#### WHAT IS NEEDED:
In the entries that follow, the lines from the one with "R2 Amsterdam Printed" through the one with "Geometric monochrome wall decor idea" are the ones to write out, exactly and with both ends included. Nothing else should appear.

(Crawled caption data)
╭──
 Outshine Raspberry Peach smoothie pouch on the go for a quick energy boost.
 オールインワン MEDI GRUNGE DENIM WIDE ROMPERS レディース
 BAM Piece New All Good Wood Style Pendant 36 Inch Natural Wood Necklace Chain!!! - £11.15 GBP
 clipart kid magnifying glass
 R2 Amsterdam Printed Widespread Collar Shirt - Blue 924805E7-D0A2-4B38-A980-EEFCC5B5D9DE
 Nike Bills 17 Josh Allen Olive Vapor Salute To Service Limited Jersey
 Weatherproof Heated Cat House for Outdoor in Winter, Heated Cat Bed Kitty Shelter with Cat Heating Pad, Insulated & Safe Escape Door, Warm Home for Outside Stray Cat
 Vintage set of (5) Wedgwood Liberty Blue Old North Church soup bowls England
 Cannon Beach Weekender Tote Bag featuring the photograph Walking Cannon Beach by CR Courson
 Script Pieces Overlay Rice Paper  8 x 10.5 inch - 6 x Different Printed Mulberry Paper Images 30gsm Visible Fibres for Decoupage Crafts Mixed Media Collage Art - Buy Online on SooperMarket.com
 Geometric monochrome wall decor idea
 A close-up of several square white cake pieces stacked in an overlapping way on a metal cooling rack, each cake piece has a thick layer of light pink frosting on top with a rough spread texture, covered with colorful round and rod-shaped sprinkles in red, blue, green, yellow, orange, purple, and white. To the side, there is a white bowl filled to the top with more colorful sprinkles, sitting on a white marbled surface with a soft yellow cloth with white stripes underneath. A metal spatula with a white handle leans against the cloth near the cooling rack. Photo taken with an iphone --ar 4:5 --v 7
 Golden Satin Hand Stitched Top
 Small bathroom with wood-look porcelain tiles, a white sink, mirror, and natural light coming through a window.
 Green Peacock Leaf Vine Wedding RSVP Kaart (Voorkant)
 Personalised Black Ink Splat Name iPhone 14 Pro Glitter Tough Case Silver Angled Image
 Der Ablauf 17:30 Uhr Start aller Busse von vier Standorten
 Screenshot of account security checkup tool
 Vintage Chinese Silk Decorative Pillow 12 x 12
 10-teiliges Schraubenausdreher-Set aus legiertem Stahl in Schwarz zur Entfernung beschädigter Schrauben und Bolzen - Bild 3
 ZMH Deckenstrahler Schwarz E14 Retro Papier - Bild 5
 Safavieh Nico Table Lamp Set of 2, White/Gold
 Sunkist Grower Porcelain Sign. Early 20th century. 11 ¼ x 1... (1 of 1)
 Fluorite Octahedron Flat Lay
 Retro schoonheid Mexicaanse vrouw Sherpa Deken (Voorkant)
╰──
#### EXERCISE SOLUTION:
 R2 Amsterdam Printed Widespread Collar Shirt - Blue 924805E7-D0A2-4B38-A980-EEFCC5B5D9DE
 Nike Bills 17 Josh Allen Olive Vapor Salute To Service Limited Jersey
 Weatherproof Heated Cat House for Outdoor in Winter, Heated Cat Bed Kitty Shelter with Cat Heating Pad, Insulated & Safe Escape Door, Warm Home for Outside Stray Cat
 Vintage set of (5) Wedgwood Liberty Blue Old North Church soup bowls England
 Cannon Beach Weekender Tote Bag featuring the photograph Walking Cannon Beach by CR Courson
 Script Pieces Overlay Rice Paper  8 x 10.5 inch - 6 x Different Printed Mulberry Paper Images 30gsm Visible Fibres for Decoupage Crafts Mixed Media Collage Art - Buy Online on SooperMarket.com
 Geometric monochrome wall decor idea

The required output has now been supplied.